The Most-Used ATS in 2026 and What That Means for Your CV

If you have applied to a mid-sized or large company recently, your CV almost certainly passed through an applicant tracking system before a recruiter opened it. An ATS is the software companies use to receive, store, and sort applications. Knowing which ones are common, and how they behave, takes some of the mystery out of why applications disappear.

This is not a ranking. It is a map of the systems you are likely to meet and what each one means for how you should write your CV.

The systems you will actually encounter

A handful of platforms cover most of the market.

Workday is the one large enterprises use most. If you have ever rebuilt your entire CV into a long web form, field by field, that was probably Workday. It is thorough and slow, and it relies heavily on the structured form rather than the uploaded file.

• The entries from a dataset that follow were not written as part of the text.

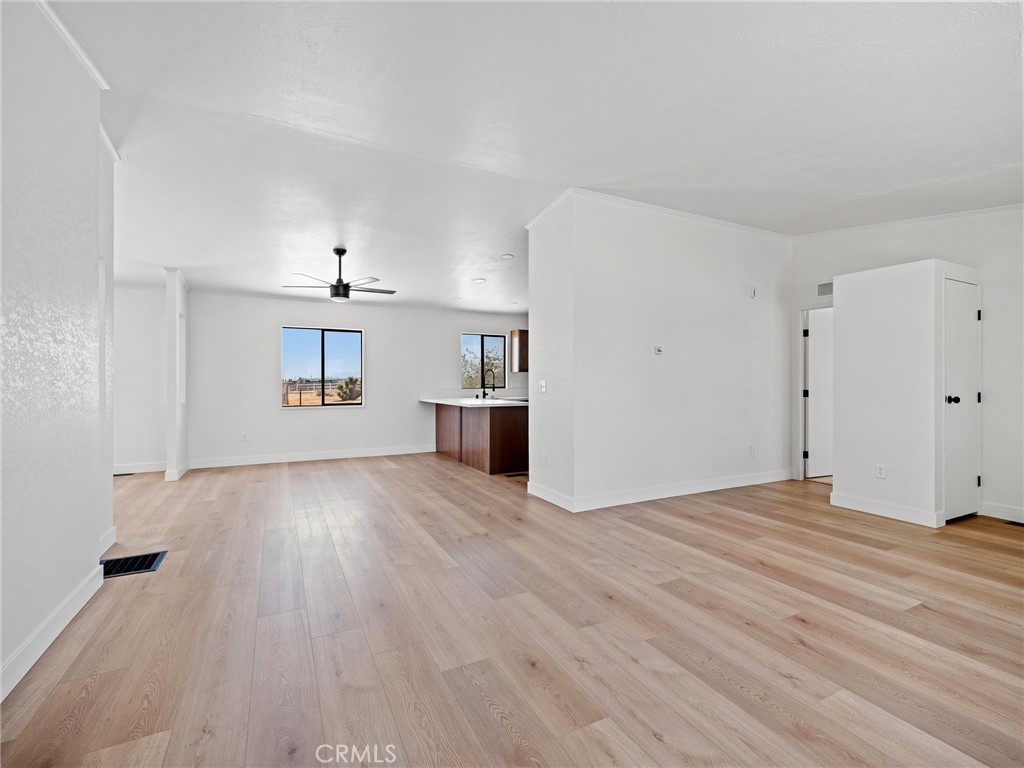10139 Sonora Road Phelan, CA 92371 - Photo 4 of 37 a view of empty room with wooden floor and window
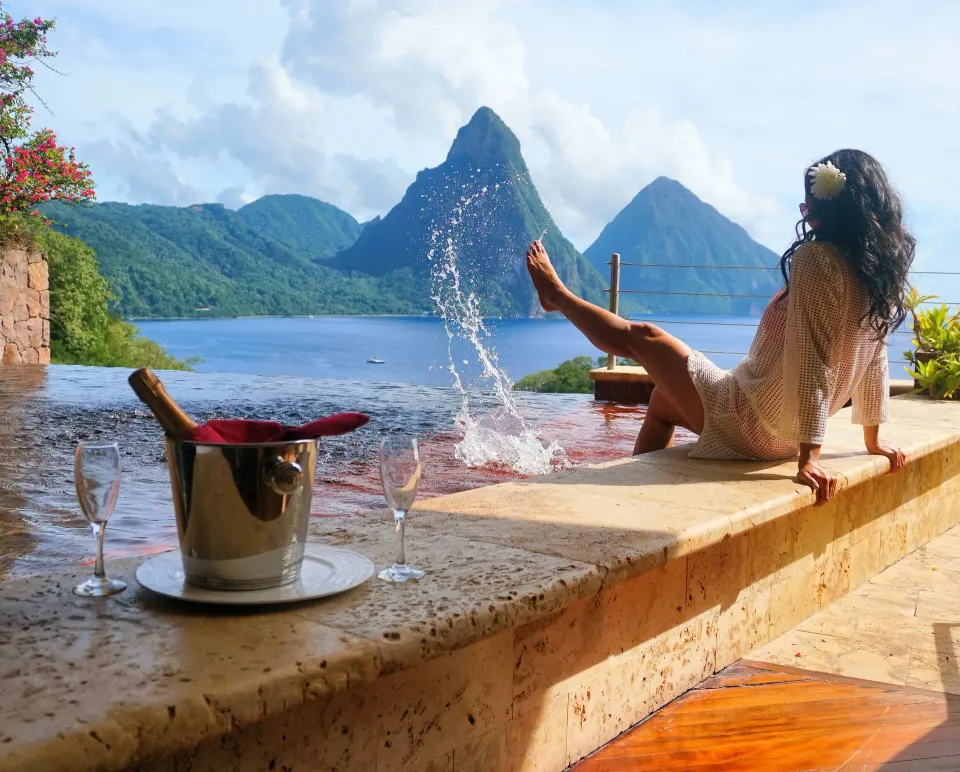 Guest on the Star suite pool edge splashing water at Jade Mountain Resort.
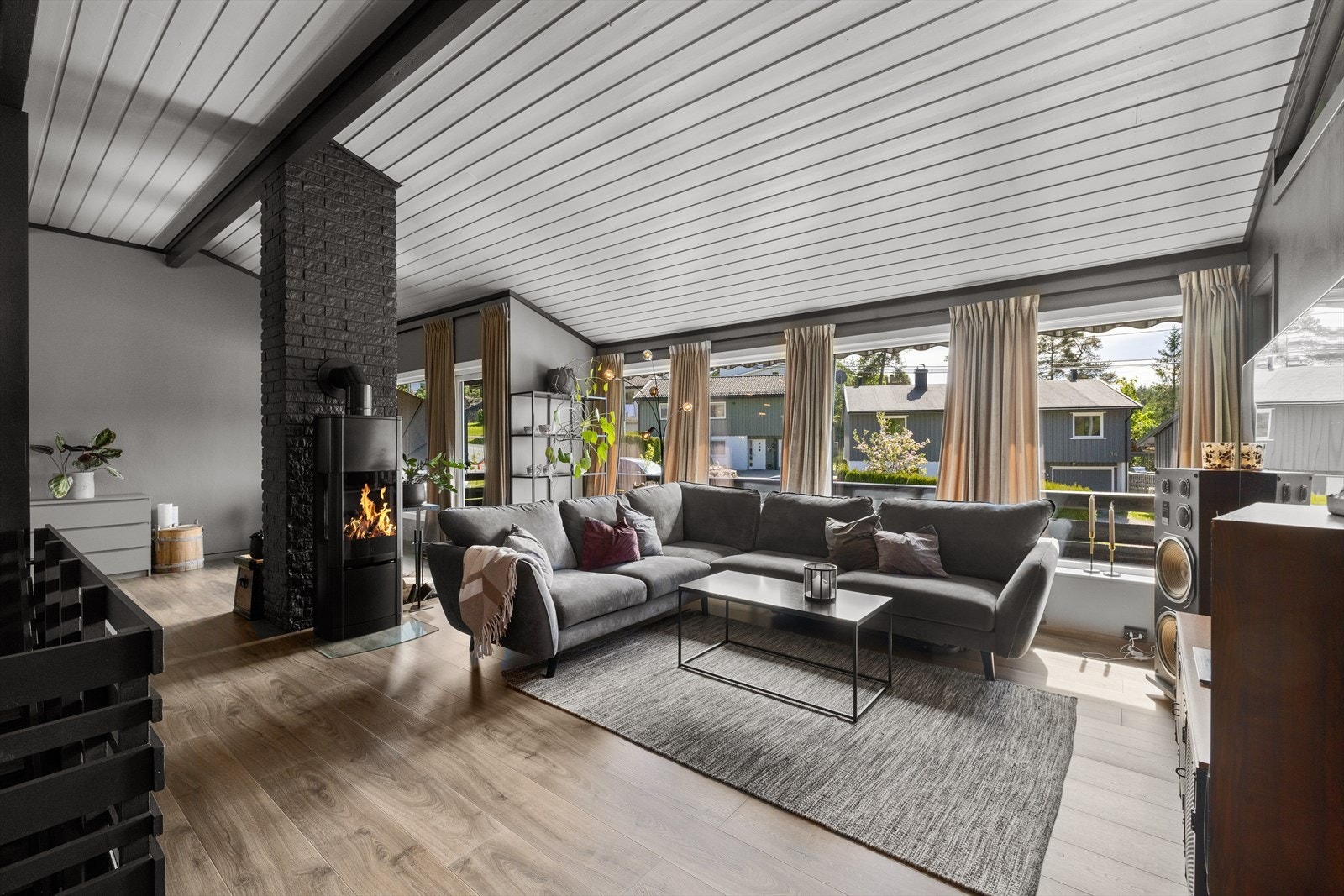 Innbydende og hyggelig stue Galleribilde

Greenhouse and Lever are common at tech companies and scale-ups. They tend to have cleaner application flows and lean more on the uploaded CV plus a few questions.

Taleo, now part of Oracle, is an older system still widely used in large traditional organizations. It is the one with a reputation for strict parsing, so a clean format matters most here.

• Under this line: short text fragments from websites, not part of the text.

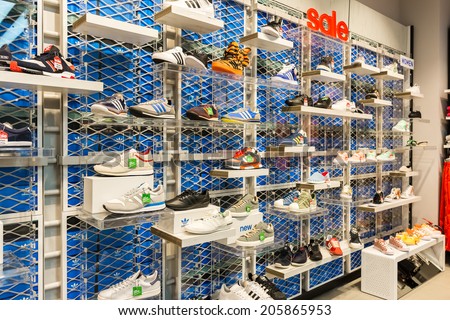 BUCHAREST, ROMANIA - JULY 18, 2014: Adidas Shoes In Shoe Store Display. Is a German multinational corporation that designs and manufactures sports clothing and accessories based in Germany.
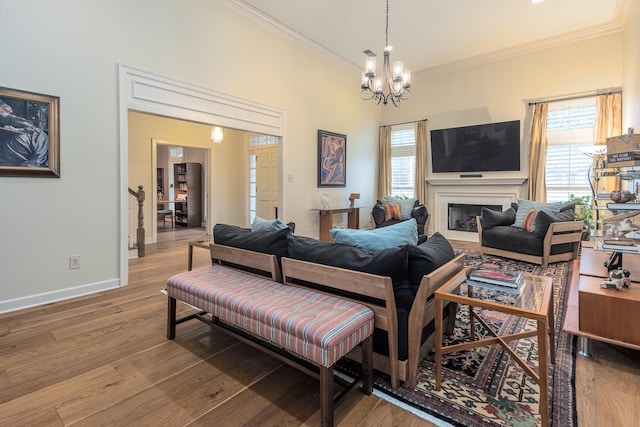 living room with light hardwood / wood-style flooring, a notable chandelier, a wealth of natural light, and ornamental molding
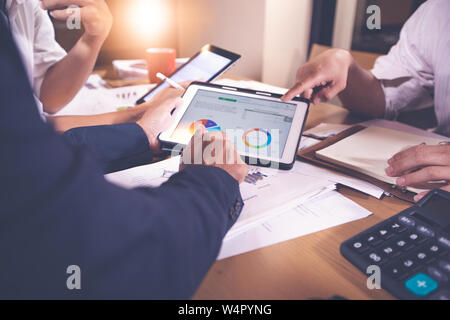 Asian businesswomen using tablet for analysis documents and graph financial diagram working in meeting Stock Photo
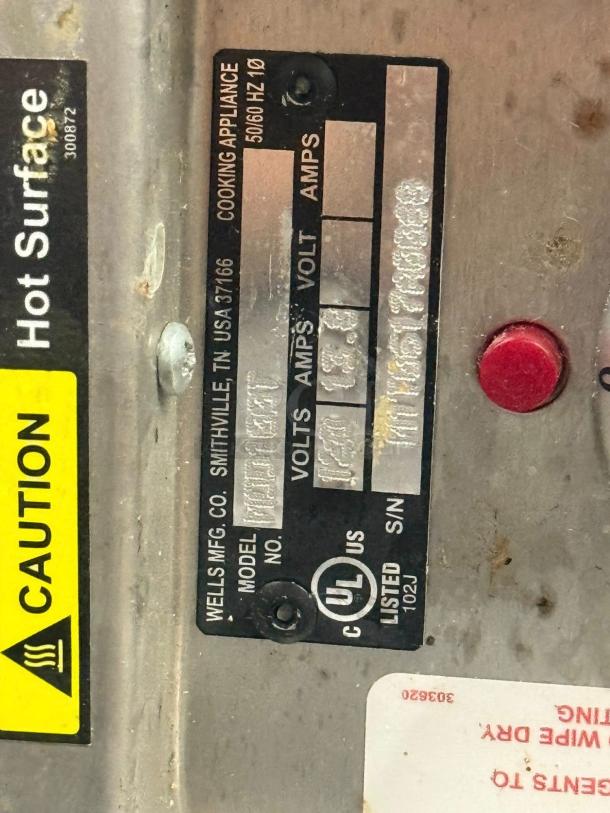 Wells drop-in food warmer label indicating model, voltage, and UL certification. Caution sign visible.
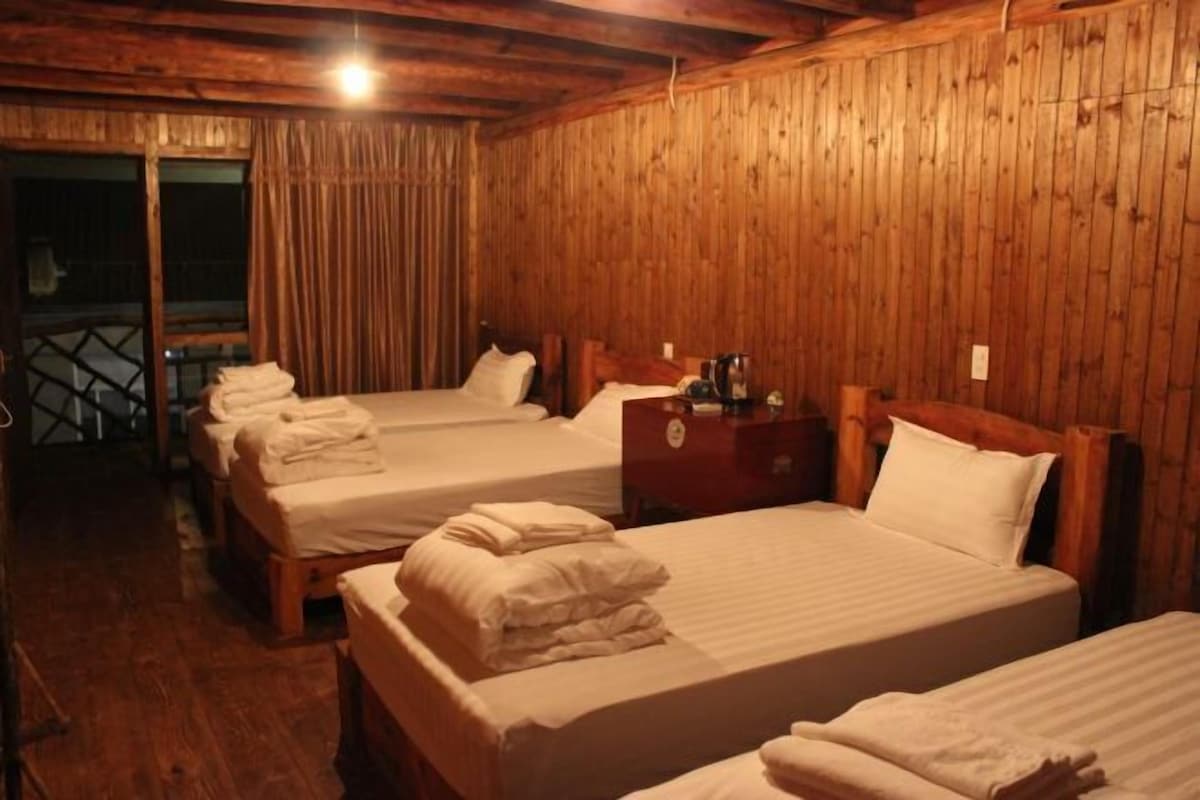A room with wooden walls and floors, featuring three beds with white linens and towels.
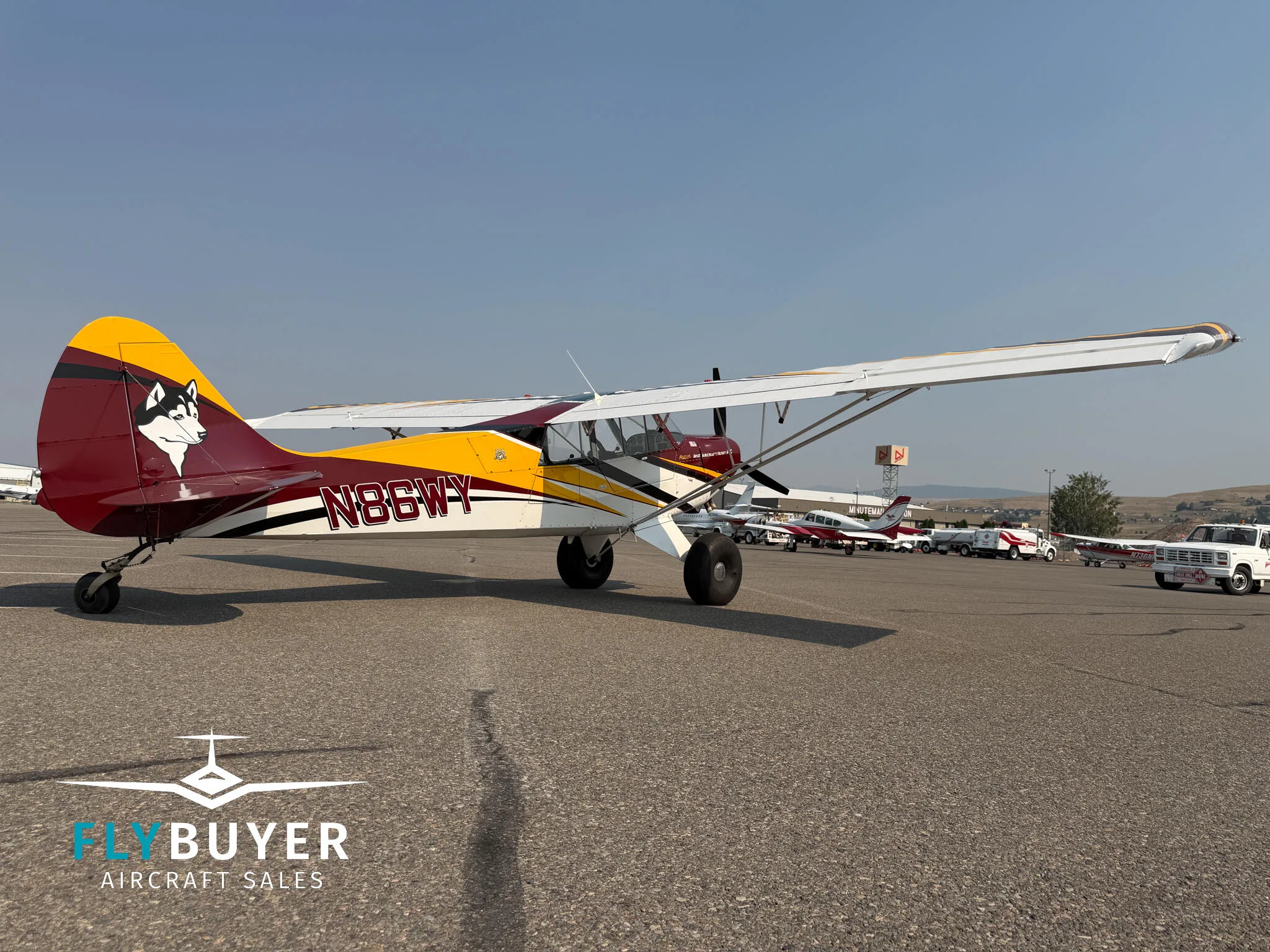 Exterior view of a 2012 Aviat A-1C-200 Husky.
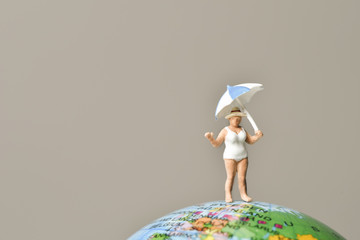 miniature old woman in swimsuit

iCIMS, SmartRecruiters, and BambooHR round out the field, the last more common at smaller companies.

You rarely get told which system you are using. But the behaviour is similar enough across all of them that you do not need to. Write for the general case and you are covered.

What every ATS actually does

Under the branding, these systems do the same core jobs:

  1. Parse your CV into structured data — name, contact details, work history, skills.
  2. Store it in a searchable database alongside every other applicant.
  3. Let recruiters search and filter that database, often by keyword, job title, or years of experience.

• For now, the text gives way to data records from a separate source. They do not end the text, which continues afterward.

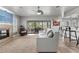 Cozy living room with a fireplace, large sliding glass doors, and comfortable neutral sofa at 384 Viedma St, Punta Gorda, FL 33983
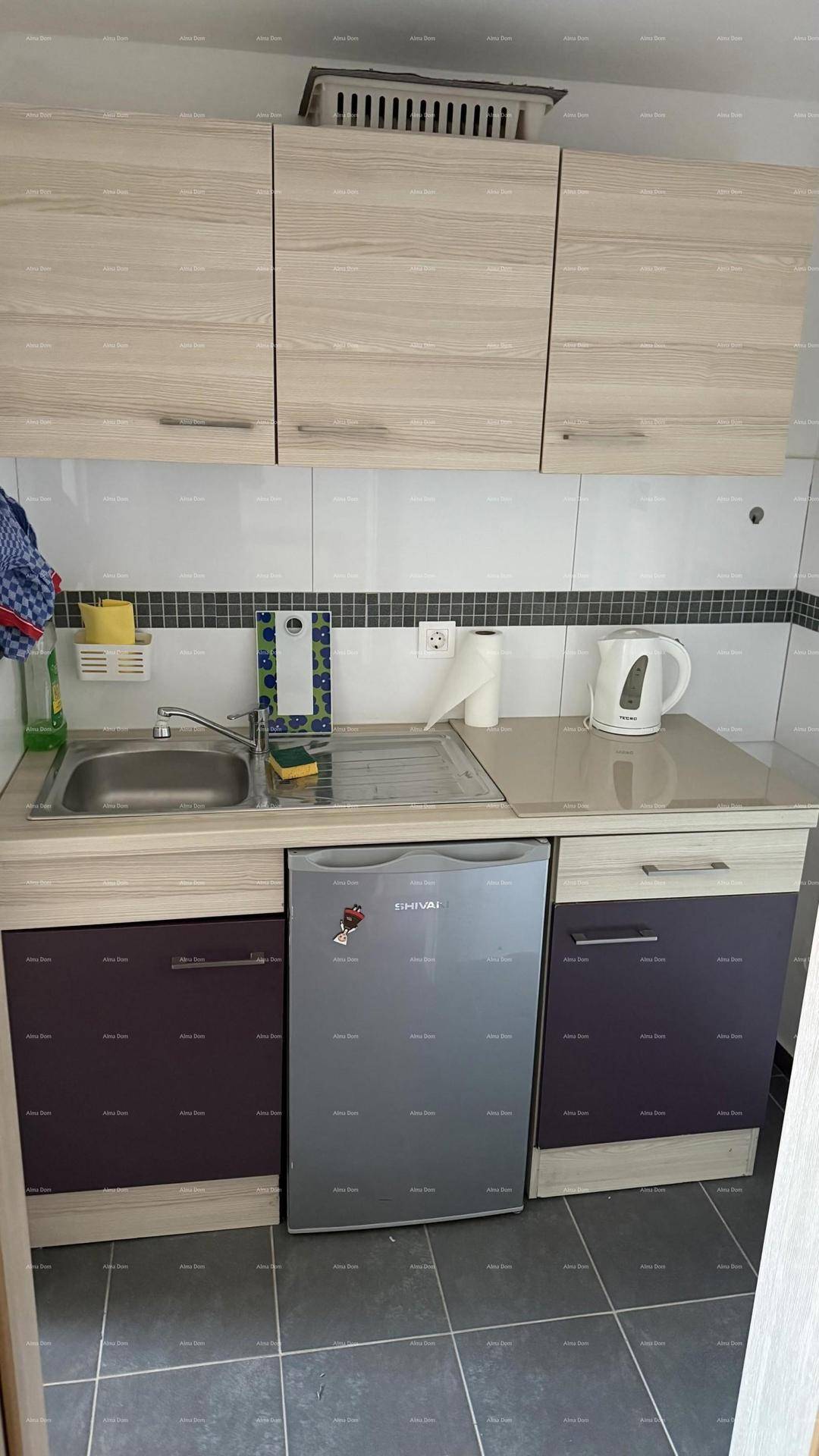 Kompakte Küchenzeile mit Spüle, Minikühlschrank und hellen Holzschränken.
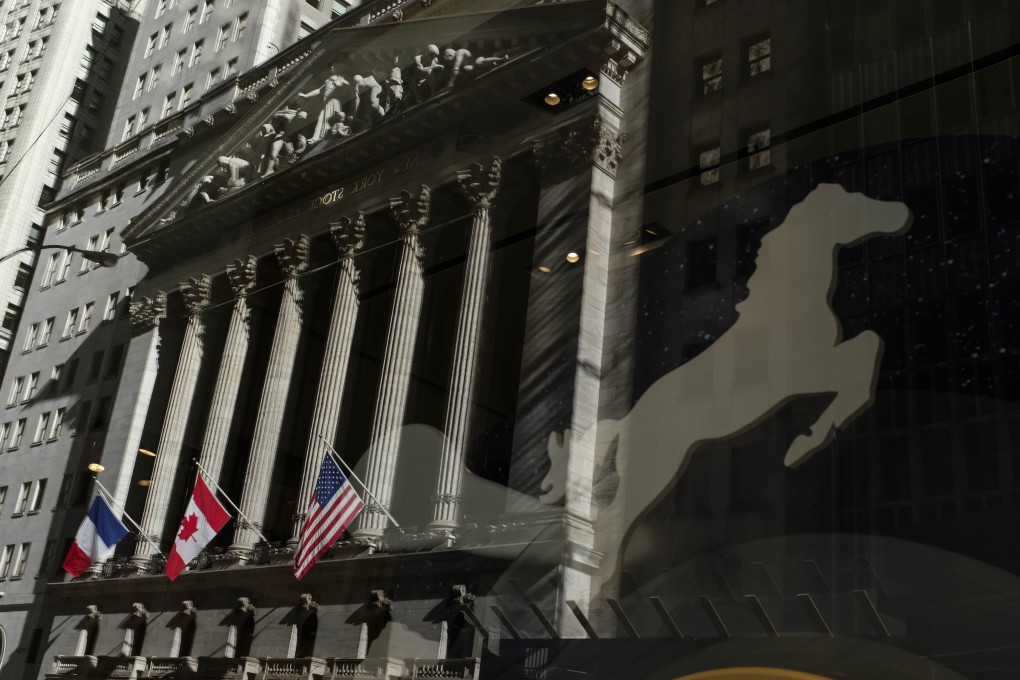 The New York Stock Exchange is reflected in a store window. Chinese firms continue to raise large sums of money in the US despite worsening relations. Photo: AFP/Getty Images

The myth worth killing is that an ATS "rejects" your CV on its own. In most setups it does not auto-reject. What it does is parse and rank, and a recruiter then searches the pool. If your CV parses badly or lacks the words a recruiter searches for, you are effectively invisible. That is the real failure mode, not a robot pressing decline.

How to write for all of them at once

Because the systems behave similarly, the same habits cover you across the board.

Use a simple, single-column layout. Two-column designs, text boxes, headers and footers, and tables are where parsers stumble. A clean single column reads correctly almost everywhere.

Use standard section headings. "Work Experience," "Education," "Skills." A creative heading like "Where I've Made an Impact" may not be recognized as the experience section, so the content underneath gets misfiled.

Submit a .docx or a text-based PDF. Avoid PDFs exported as images, and never submit a CV as an actual image file. If the parser cannot read the text, none of it counts.

Mirror the job posting's language. If the posting says "project management" and your CV says "managed projects," a keyword search for the exact phrase may miss you. Use the employer's wording where it is genuinely accurate for you.

Fill in the web form properly, even after uploading. With systems like Workday, the structured form is what gets searched. A perfect uploaded CV does not save you if the form fields are half-empty.

What does not help

A few tactics circulate that are not worth your time. White text keyword stuffing, hiding keywords in white-on-white text, is detected and it makes a recruiter distrust the whole application. Cramming every keyword imaginable makes the CV unreadable for the human who eventually sees it, and a human always sees the shortlisted ones. Obsessing over an ATS score from an online tool is mostly noise; those tools do not see the actual system the employer uses.

The honest version works better: a clean format, real keywords that are genuinely yours, and content a recruiter wants to read once it surfaces.

If you are building your CV from a LinkedIn profile, a tool like Postulit produces a clean, single-column, parseable layout by default, which removes the formatting guesswork and lets you focus on matching your content to each job.

The goal is not to beat the ATS. It is to be correctly understood by it, so the human on the other side gets an accurate picture of you.